Carta aberta ao Congresso Nacional sobre
a Reforma Penal
(PLS 236)
Reunidos no Seminário Crítico da Reforma Penal
organizado pela Escola da Magistratura do Rio de Janeiro e Secretaria de
Assuntos Legislativos do Ministério da Justiça entre os dias 11 e 13 de
setembro de 2012, juristas de todo o Brasil dedicaram-se à análise crítica do
Projeto de Lei do Senado n. 236, que propõe um novo Código Penal para o país.
Os trabalhos apresentados e discutidos no Seminário demonstraram,
sem exceção, inúmeras deficiências teóricas no Projeto, em boa medida resultado
da equivocada e acrítica incorporação de critérios jurisprudenciais de
imputação em detrimento à dogmática penal mais avançada, tanto em termos
técnicos quanto democráticos.
A notável pobreza teórica do Projeto, constatada por
unanimidade, precisa ser destacada porque implica maior dificuldade na
tentativa de controle democrático da competência punitiva do Estado. Assim é
que, por suas falhas, o Projeto afasta o Direito Penal simultaneamente da
Ciência e da Cidadania, isto é, não só se opõe ao saber jurídico, mas também ao
soberano poder popular.
A proposta revela, contudo, problemas ainda mais
graves. Longe de inaugurar um marco no Direito Penal brasileiro, o Projeto é
profundamente anacrônico, como revela uma análise sistêmica. É evidente seu
compromisso ideológico com a ultrapassada política de defesa social, própria do
Estado de Polícia e, portanto, absolutamente incompatível com o Estado
Democrático de Direito.
A aposta na pena privativa de liberdade para repressão
e prevenção da criminalidade que propõe é, provavelmente, o reflexo mais claro
desta natureza punitivista do Projeto que, para piorar, abre mão de
alternativas desencarceradoras em favor da prisão, cujo fracasso para fins de
ressocialização foi exaustiva e reiteradamente demonstrado pela teoria – a mesma
teoria que a Comissão responsável pela elaboração do texto decidiu,
convenientemente, ignorar.
Diante de um sistema de justiça criminal
sobrecarregado, seletivo e desumano – sobretudo no que se refere à execução
penal, em toda sua miséria real – esta contraditória reafirmação da pena é radicalmente
antidemocrática, porque agrava o já terrível drama carcerário. Mas se a grave violação dos direitos
fundamentais decorrente da eventual aprovação do Projeto de Código não for
argumento suficiente para rejeitá-lo, importaria notar ainda o substancial
aumento do custo social, político e econômico do sistema de justiça criminal –
notadamente, do sistema penitenciário – que determinaria.

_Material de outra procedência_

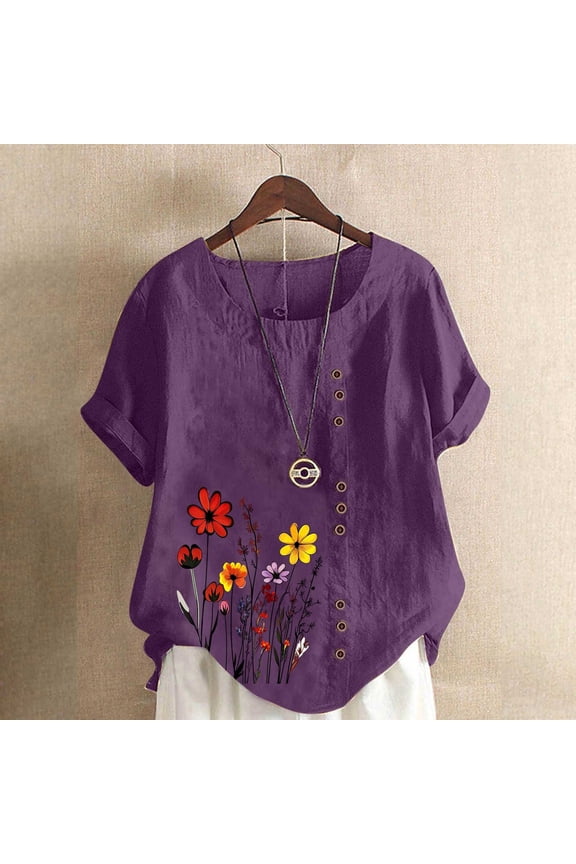 Womens Tops Summer Spring Short Sleeve T Shirts Blouse Outfits Beach Vacation Clothes Cute Tops Going Out Tops For Women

Em síntese, o Projeto de Lei do Senado n. 236 é
incompatível com a promoção do ideal republicano de uma sociedade mais livre,
justa e solidária. E seja pela quantidade de defeitos que apresenta ou por seu pernóstico
compromisso ideológico com a repressão, o fato é que o Projeto não pode – nem
deve – ser reparado mediante supressão, modificação ou acréscimos.
Somente a radical negação da proposta, como um todo, é
admissível. Esta é a conclusão dos juristas que abaixo subscrevem.